1

I am trying to compare the strings btw two DataFrame columns. category_df['column_text_to_find'] contains string to match in other dataframe df2['column_text_to_search']. The new column df2['matched text'] should return the df['column_text_to_find'] found in df2['column_text_to_search']. my expected result is

      ['column_text_to_search']   ['column_text_to_find']     ['matched text']
   'SP * GRAPHICSDIRECT.ascdadv'     'GRAPHICSDIRECT'          'GRAPHICSDIRECT'
   '99 CENTS ONLY #777#'             '99 CENTS ONLY'           '99 CENTS ONLY'
   'PAYPAL *BESTBUY COM  #3422#'     'BESTBUY'                 'BESTBUY'

  

Unfortunately, my code returns an error.

csv import:

for f in all_files:
    df = pd.read_csv(f, sep=',',header=[3])
df2 = df

remove blank spaces:

df2['column_text_to_search']=df2['column_text_to_search'].str.strip()

search and match text:

 ch = category_df['column_text_to_find']
 pat = r'\b({0})\b'.format('|'.join(ch))
 df2['matched text'] = df2['column_text_to_search'].str.findall(pat, flags = 
 re.IGNORECASE).map("_".join)
 df2.head()

Error:

TypeError: sequence item 0: expected str instance, tuple found
AZen
  • 15
  • 5
  • Can you give a [minimal reproducible example](https://stackoverflow.com/help/minimal-reproducible-example), please? Also, show the full stack trace. – nonDucor Feb 17 '22 at 17:42
  • @nonDucor I added an example of column_text_to_search and column_text_to_find. They are stored in different dataframe. Does it help? – AZen Feb 17 '22 at 18:27
  • You should put it in a way that make it easy to create the dataframe. – nonDucor Feb 17 '22 at 18:29
  • @nonDucor The two data frames have a different number of rows. category_df.column_text_to_find has about 200 lines while column_text_to_search has more than 4000. – AZen Feb 17 '22 at 23:54
  • Do you need a whole word search?

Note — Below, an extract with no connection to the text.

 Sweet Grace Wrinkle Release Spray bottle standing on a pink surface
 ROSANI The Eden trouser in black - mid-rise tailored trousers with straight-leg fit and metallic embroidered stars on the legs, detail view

This - `df['matched text'] = df.apply(lambda r: r["column_text_to_find"] if r["column_text_to_find"] in r["column_text_to_search"] else "", axis=1)` - seems to work for you. – Wiktor Stribiżew Feb 24 '22 at 09:42
  • Or, if you need a whole word search, try `df["column_text_to_search"].str.findall(r'(?i)\b({0})\b'.format("|".join(df["column_text_to_find"].to_list()))).str.join('_')` – Wiktor Stribiżew Feb 24 '22 at 09:49

2 Answers2

2

You can use

pattern = r'(?i)\b({0})\b'.format("|".join(df["column_text_to_find"].to_list()))
df["column_text_to_search"].str.findall(pattern).str.join('_')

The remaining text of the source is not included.